Experiments show that trained with limited data, proposed Hybrid-encoder strategy based on multi-lesion pre-trained model achieves a mean DSC, NSD, Sensitivity, F1-score, Accuracy and MCC of 0.704, 0.735, 0.682, 0.707, 0.994 and 0.716, respectively, with better genetalization and lower over-fitting risks for segmenting COVID-19 infection.
The results reveal the benefits of transferring knowledge from non-COVID19 lung lesions, and learning from multiple lung lesion datasets can extract more general features, leading to accurate and robust pre-trained models. We further show the capability of the encoder to learn feature representations of lung lesions, which improves segmentation accuracy and facilitates training convergence. In addition, our proposed Hybrid-encoder learning method incorporates transferred lung lesion features from non-COVID19 datasets effectively and achieves significant improvement. These findings promote new insights into transfer learning for COVID-19 CT image segmentation, which can also be further generalized to other medical tasks.

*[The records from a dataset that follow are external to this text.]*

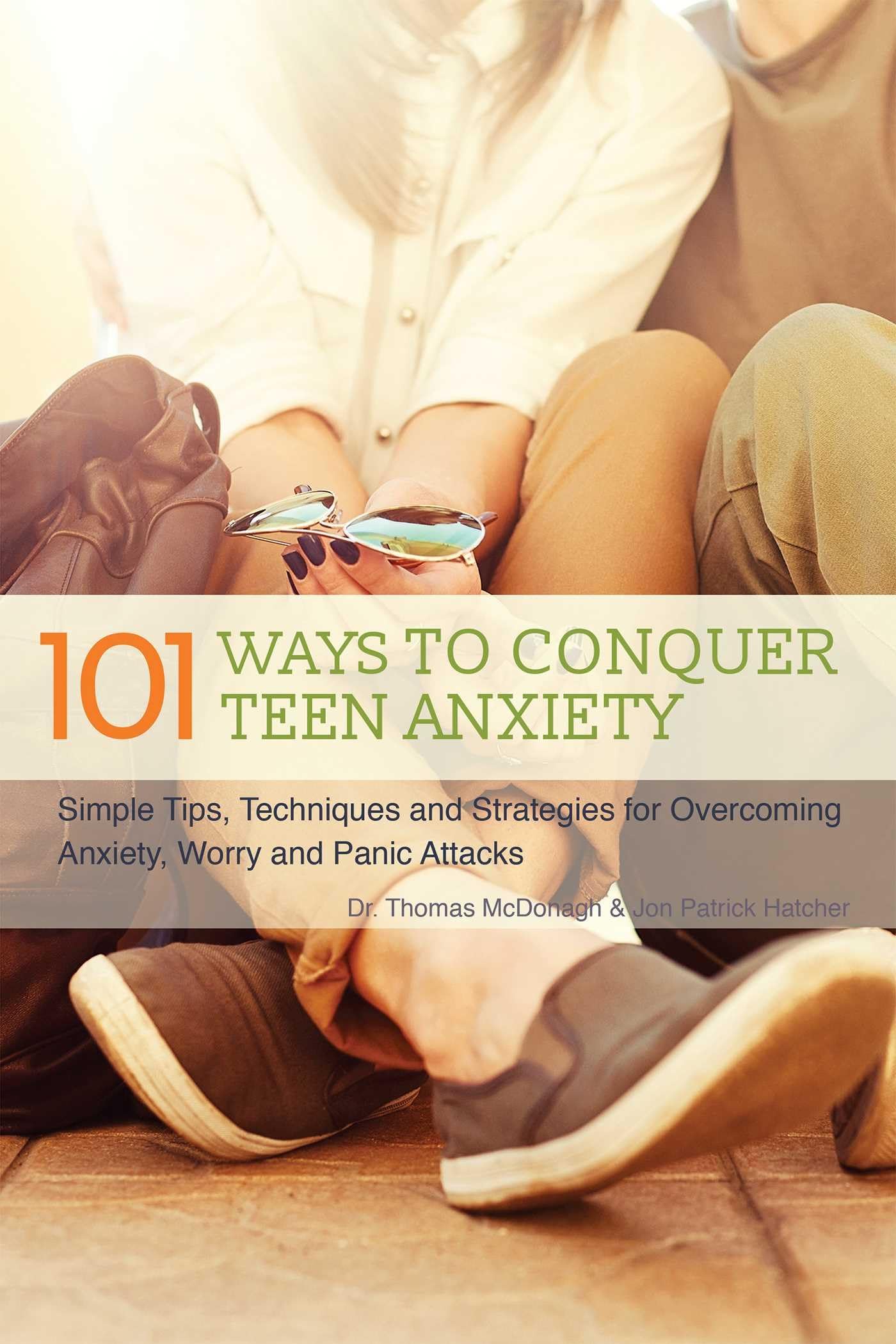 The 101 Ways to Conquer Teen Anxiety: Simple Tips, Techniques and Strategies for Overcoming Anxiety, Worry and Panic Attacks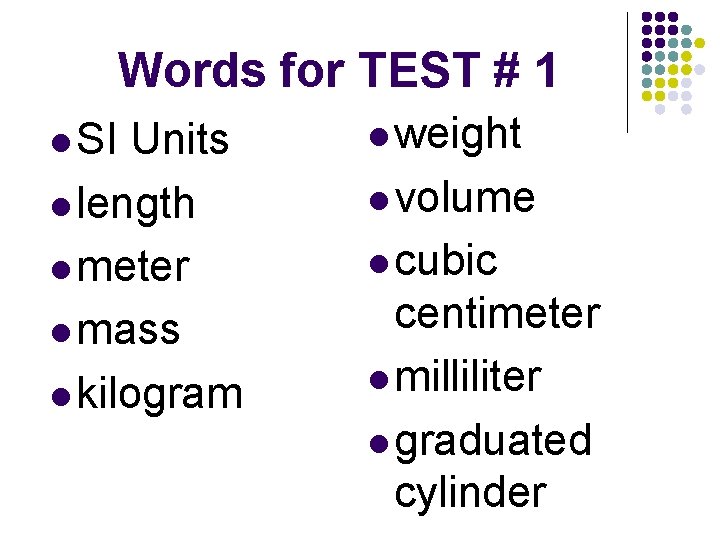 Words for TEST # 1 l SI Units l length l meter l mass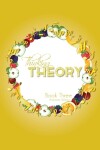 Book cover for Thinking Theory Book Three (American Edition)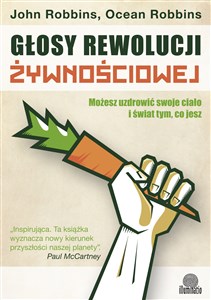 Głosy rewolucji żywnościowej Możesz uzdrowić swoje ciało i świat tym, co jesz Bookshop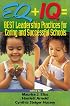 EQ + IQ = Best Leadership Practices for Caring and Successful Schools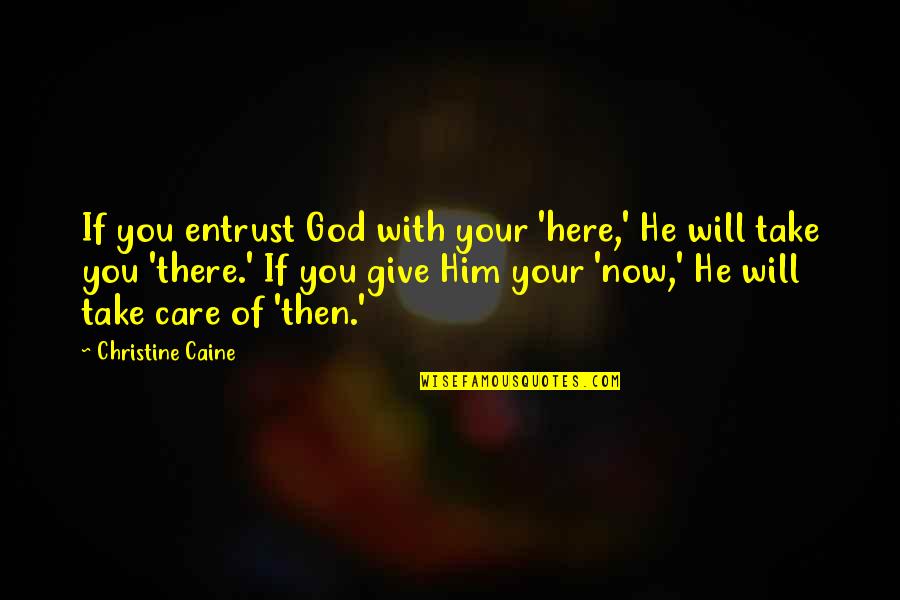 Care Of God Quotes By Christine Caine: If you entrust God with your 'here,' He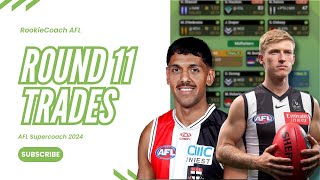 TRADING FOR BYES  Round 11 Trades  AFL Supercoach 2024 [upl. by Nehgam941]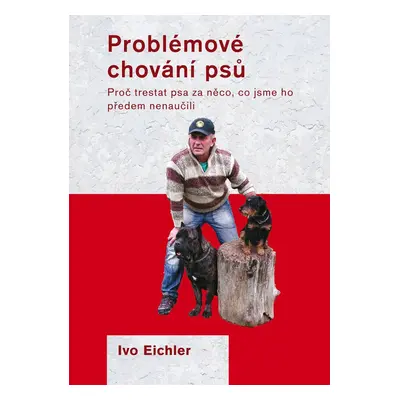 Problémové chování psů - Ivo Eichler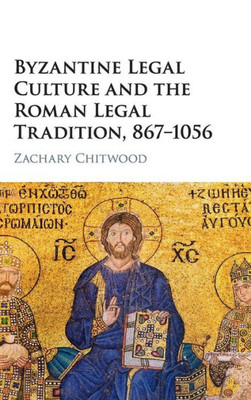 Byzantine Legal Culture and the Roman Legal Tradition, 867û1056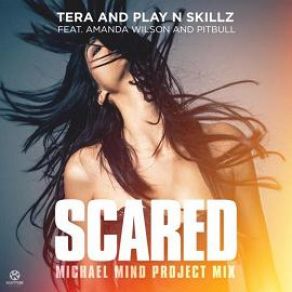 Download track Scared (Michael Mind Project Edit) Amanda Wilson, Play - N - Skillz, Tera, Pitbull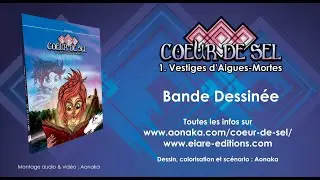 Coeur de Sel - 1. Vestiges D'aigues-Mortes (Bande Annonce)
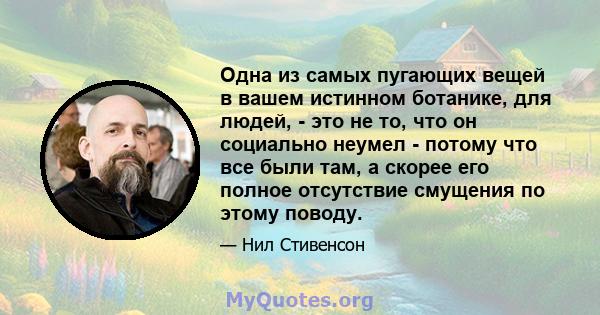 Одна из самых пугающих вещей в вашем истинном ботанике, для людей, - это не то, что он социально неумел - потому что все были там, а скорее его полное отсутствие смущения по этому поводу.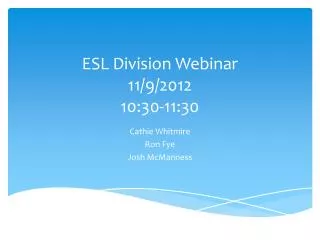 ESL Division Webinar 11/9/2012 10:30-11:30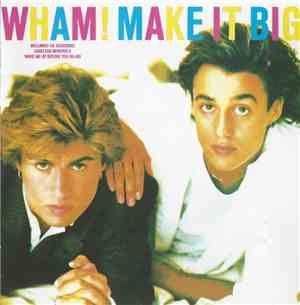 Wham! - Make It Big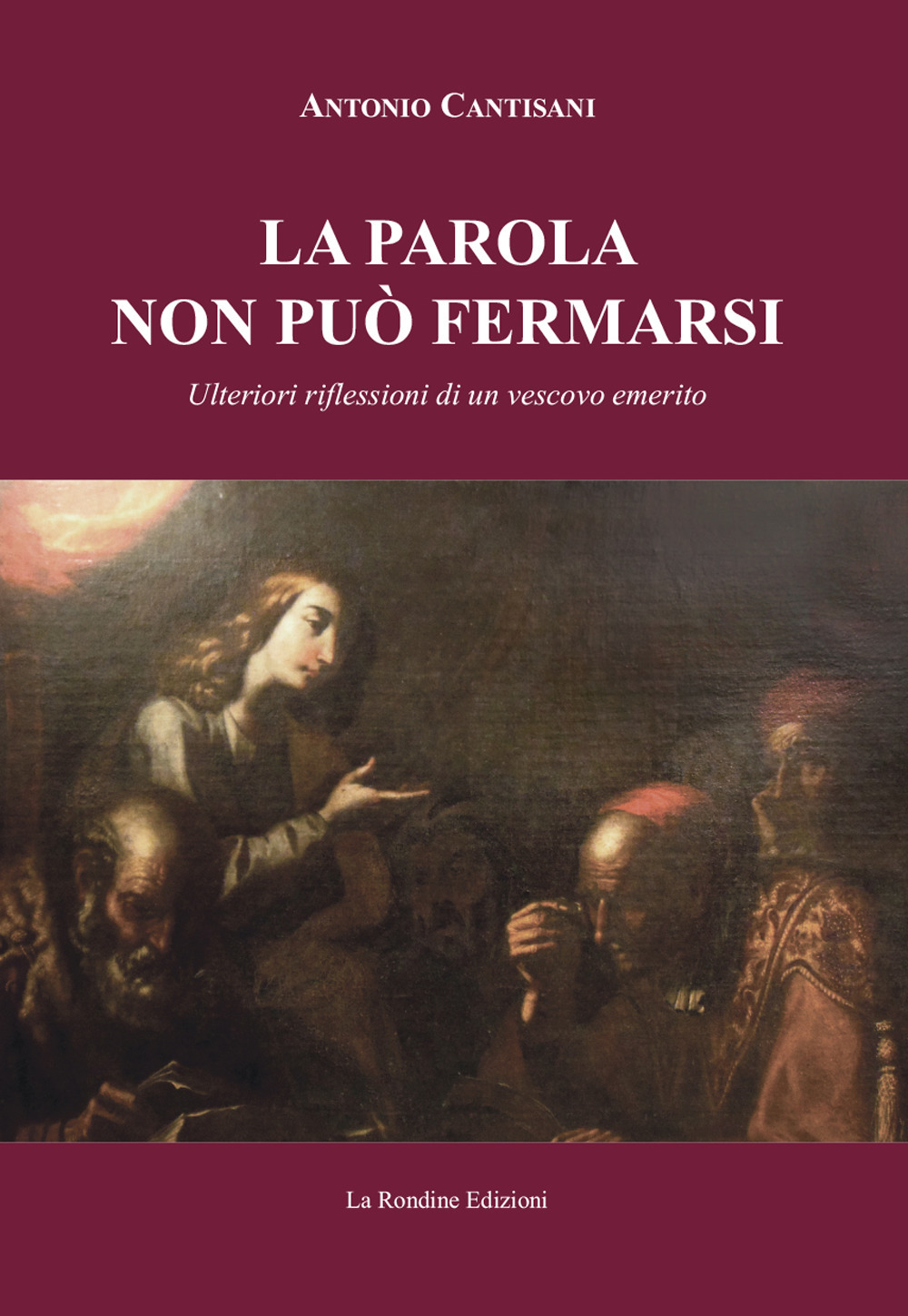 La parola non può fermarsi. Ulteriori riflessioni di un vescovo emerito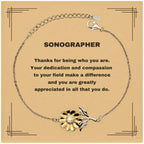SonographerSunflower Bracelet - Thanks for being who you are - Birthday Christmas Jewelry Gifts Coworkers Colleague Boss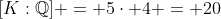 [K:\mathbb{Q}] = 5\cdot 4 = 20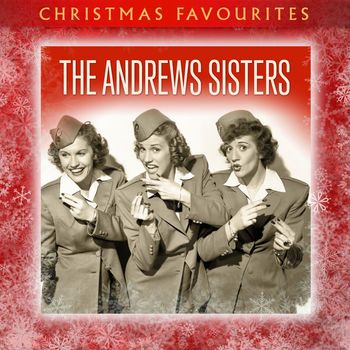 The Andrews Sisters - Christmas Favourites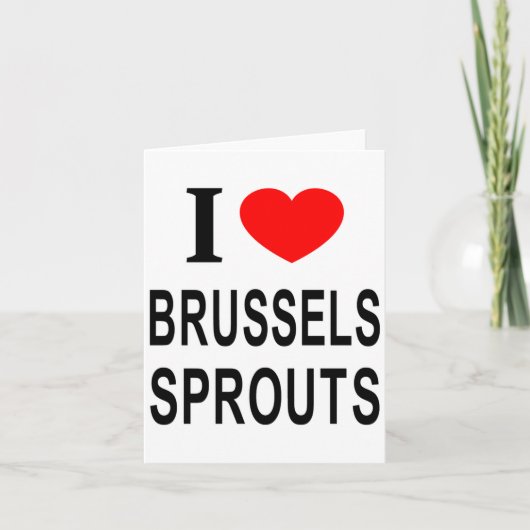 I Brussels Sprouts I Love Brussels Sprouts I He  Kaart (Voorkant)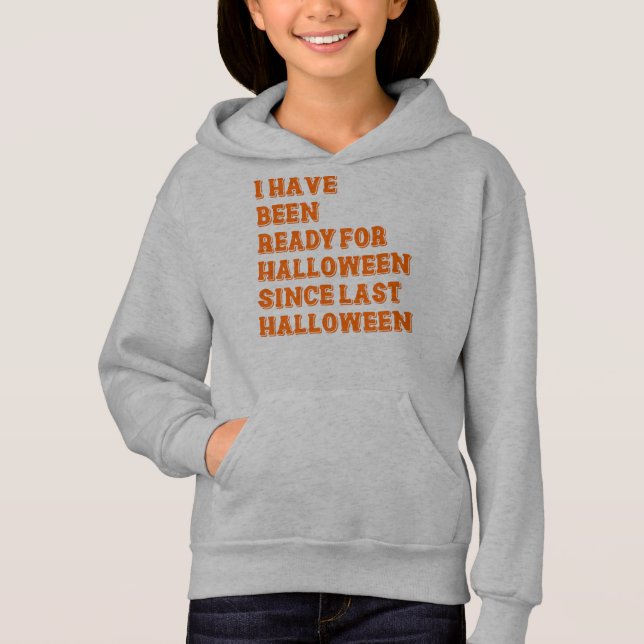 Ich bin zu Halloween fertig Hoodie (Vorderseite)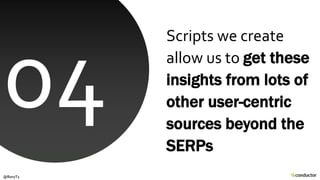 Scripts we create
allow us to get these
insights from lots of
other user-centric
sources beyond the
SERPs
@RoryT1
 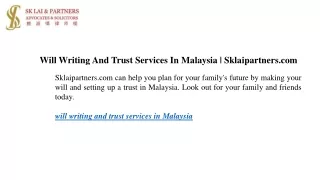 Will Writing And Trust Services In Malaysia Sklaipartners.com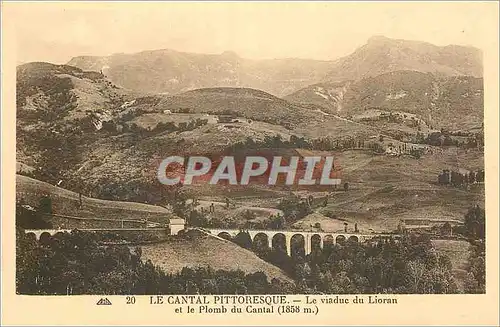 Cartes postales Le Cantal Pittoresque Le Viaduc du Lioran et le Plomb du Cantal (1858 m)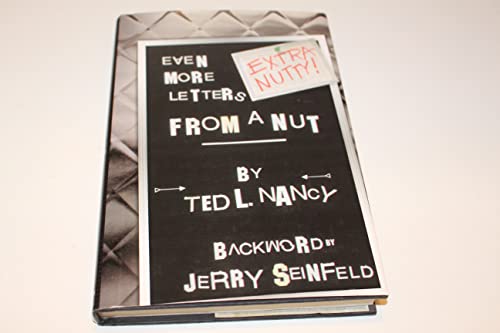 Beispielbild fr Extra Nutty! Even More Letters From a Nut! [SIGNED COPY, FIRST PRINTING] zum Verkauf von MostlySignedBooks
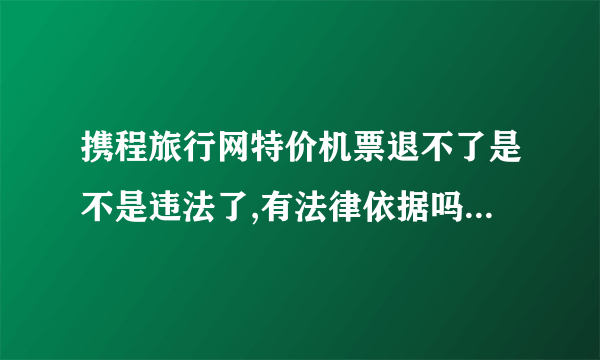 携程旅行网特价机票退不了是不是违法了,有法律依据吗?还是单方面的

新型冠状病毒病 2019(COVID-19)是一种高度传染性病毒,正在全球范围内传播。深度学习已被采用为一种有效的技术,以辅助从计算机断层扫描(CT)图像中检测和分割 COVID-19。主要的挑战在于公共 COVID-19 数据集不足。最近,迁移学习已成为一种广泛使用的技术,利用在解决一个问题时获得的知识,并将其应用于不同但相关的问题。然而,尚不清楚各种非 COVID-19 肺部病变是否有助于分割 COVID-19 感染区域,以及如何更好地进行这种迁移过程。本文提供了一种理解非 COVID-19 肺部病变的可转移性的方法,以及一种更好的策略,用于训练用于 COVID-19 感染分割的强大深度学习模型。
基于一个公开的 COVID-19 CT 数据集和三个公开的非 COVID-19 数据集,我们使用 3D U-Net 作为标准编码器-解码器方法评估了四种迁移学习方法。i)我们引入多任务学习方法,为 COVID-19 感染获得多病变预训练模型。ii)我们提出并比较了四种具有不同性能增益和训练时间成本的迁移学习策略。我们提出的混合编码器学习策略引入了一个专用编码器和一个自适应编码器,分别提取 COVID-19 感染特征和一般肺部病变特征。设计了一个基于注意力的选择性融合单元,用于动态特征选择和聚合。
实验表明,在使用有限数据进行训练时,基于多病变预训练模型的提出的混合编码器策略在分割 COVID-19 感染方面实现了平均 DSC、NSD、灵敏度、F1 分数、准确性和 MCC 的 0.704、0.735、0.682、0.707、0.994 和 0.716,具有更好的泛化能力和更低的过拟合风险。
结果表明,从非 COVID-19 肺部病变转移知识和从多个肺部病变数据集学习可以提取更一般的特征,从而导致准确和强大的预训练模型。我们进一步展示了编码器学习肺部病变特征表示的能力,这提高了分割精度并促进了训练收敛。此外,我们提出的混合编码器学习方法有效地整合了来自非 COVID-19 数据集的转移肺部病变特征,并取得了显著的改进。这些发现为 COVID-19 CT 图像分割的迁移学习提供了新的见解,这也可以进一步推广到其他医学任务。